Effect of salt iodization on the quality of pickled vegetables
Author:
Ayed S. Amr * and Omar A. Jabay
Received 22 January 2004, accepted 28 April 2004.
Abstract
Vegetables were pickled in 100 g L-1
brines prepared from refined and crude table salt (NaCl) obtained from
the Dead sea and natural brine wells (wet-mined) with and without the
addition of 40 mg kg-1 iodine in the forms of KIO3
or KI. The effect of iodine form, salt source and refining on the sensory
quality, iodine content and vitamin C content of the pickles, as well
as vitamin A content of carrot pickles was studied. Sensory evaluation
results indicated that iodization has no effect on the taste of the pickles,
while the addition of KIO3 to both crude and refined salt resulted
in significant (P=0.05) darkening and discoloration of most pickled vegetables
regardless of the salt source. Addition of KIO3 also resulted
in significant (P<0.05) softening of the pickles prepared from both
crude and refined Dead sea salt, while this effect was less pronounced
in the case of the wet-mined salt. None of these negative effects was
noticed when potassium iodide was used. The process of pickling also resulted
in great reduction in vitamin C levels in the pickled vegetables, and
a similar reduction in vitamin A level in pickled carrots, while the process
of iodization had no pronounced effect on the pickle content of these
vitamins regardless of the salt source or refining.

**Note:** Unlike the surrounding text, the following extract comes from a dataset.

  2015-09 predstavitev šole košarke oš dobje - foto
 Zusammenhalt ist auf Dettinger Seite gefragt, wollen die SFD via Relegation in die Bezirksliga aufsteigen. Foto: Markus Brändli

Iodine concentration
in the pickled vegetables reached levels of 1.60-1.80 mg kg -1
or about 40-45% of its initial concentration in the respective brines,
regardless of the type of salt used or the form of iodine added, while
iodine concentration in the brines reached 1.6-2.1 mg kg-1
after the same period.
Journal: Food, Agriculture & Environment (JFAE)
Online ISSN: 1459-0263
Year: 2004, Vol. 2, Issue 2, pages 151-156.